İstanbul’un, dünyanın en büyük metropol şehirlerinden biri olarak birçok afet ve olağandışı durum açısından risk altında olduğu bilinmektedir. İlimizin risk değerlendirmesine bakıldığında başta deprem olmak üzere, sel, büyük yangınlar, endüstriyel kazalar, taşımacılık kazaları, terör olayları ve KBRN olayları gibi büyük kitleleri etkileyebilecek olaylar açısından oldukça ciddi riskler taşıdığı görülmektedir. KBRN olayları deprem ve diğer tehlikeler yanında daha az önemli gözükse de günümüzde sanayinin ulaştığı son durum açısından çok sık karşımıza çıkmaktadır.
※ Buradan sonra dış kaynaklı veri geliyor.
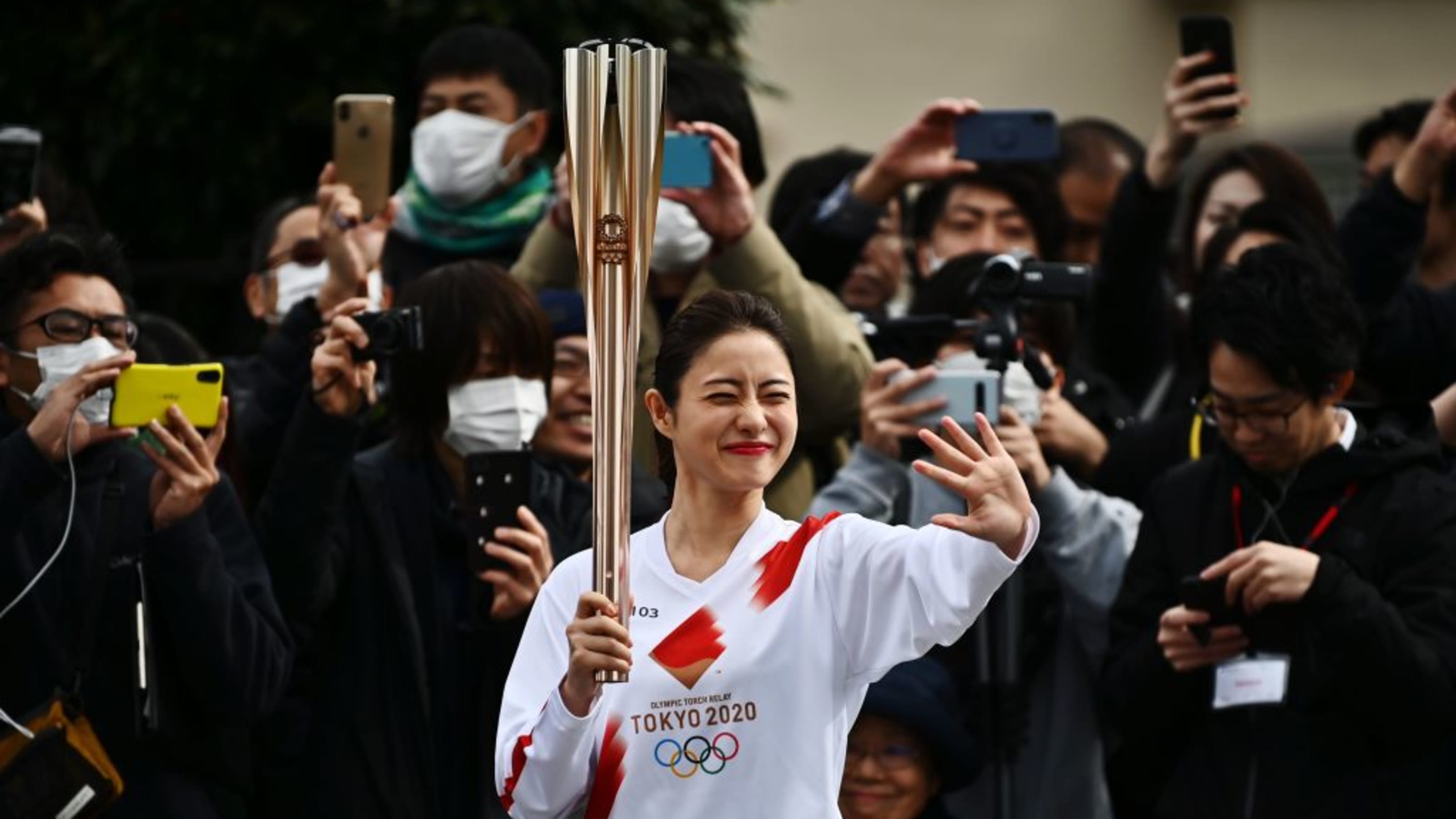 聖火リレーのリハーサルに女優の石原さとみさんらが参加 本番を想定し周囲は交通規制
Her yıl 1 milyon metreküp sıvı kimyasal kara yolu ile nakledilmekte ve bunun çok ciddi bir kısmı Asya – Avrupa taransit geçişi olan ilimiz yollarında nakledilmektedir. İstanbul içinde Türkiye sanayisinin 1/3’ü bulunmakta olup özellikle kimya sanayi ilimiz ve çevresinde yerleşmiştir. Hali hazırda sanayide kullanılan kimyasalların 100.000’lerle ifade edilen çeşitliliğe varması ve çoğunun insan vücudu üzerindeki etkilerinin bilinmemesi ayrı bir risktir.

 KBRN dediğimizde Radyoaktif materyallerde ciddi bir başlık oluşturmaktadır. Komşumuz olan çeşitli ülkelerin istikrarsızlaşması bu tip malzemenin yasa dışı ticaretinin oluşturmuş ve bu malzemelerin takas merkezi olarak İstanbul ciddi bir önem taşımaktadır. Görüntüleme merkezlerindeki sayıca fazlalık Çekmece Nükleer Araştırma Merkezinin ilimizde olması başlı başına bir risktir. Ayrıca komşularımızdaki eski model nükleer santraller Çernobil Kazasında olduğu gibi artık sınırların önemsizleştiği bir ortam yaratmaktadır. 15 Milyonluk bir şehrin bu tip bir tehdit altında olması dahi insanları dehşete düşürmek için yeterlidir.

 Tüm bunların yanı sıra ülkemizin en büyük hava kara ve deniz gümrük kapıları da yine İstanbul içinde bulunmaktadır. İthalat ve ihracatın % 45’inin İstanbul gümrüklerinden yapıldığı düşünülürse yine ne kadar büyük bir risk altında olduğumuz anlaşılacaktır. Ayrıca Türkiye’nin 2 büyük hava limanı şehrimizde olup yurt dışından turist ve yolcu girişi en büyük oranda şehrimizden yapılmaktadır. Bu da yurt dışındaki salgın hastalıkların ve biyolojik tehlikelerin ilk karşılaşma yerinin İstanbul olmasını sağlamaktadır. Daha önce yaşanan kuş gribi ve sars gibi olaylara bakıldığında olası vakaların çoğunun İstanbul’da karşımıza çıkması ilimizin neler yaşayabileceğinin aslında küçük birer tatbikatıdır.

 Bu kısa yazıdan da anlaşılacağı üzere önümüzdeki küçük risklerin gerçekleşmesi halinde sadece İstanbul değil tün Türkiye’nin bundan çok ciddi anlamda etkileneceği ortadadır. Bu nedenle alınacak önlemlerin acilen ve ciddi bir şekilde gözden geçirilmesi ülke yararına olacaktır.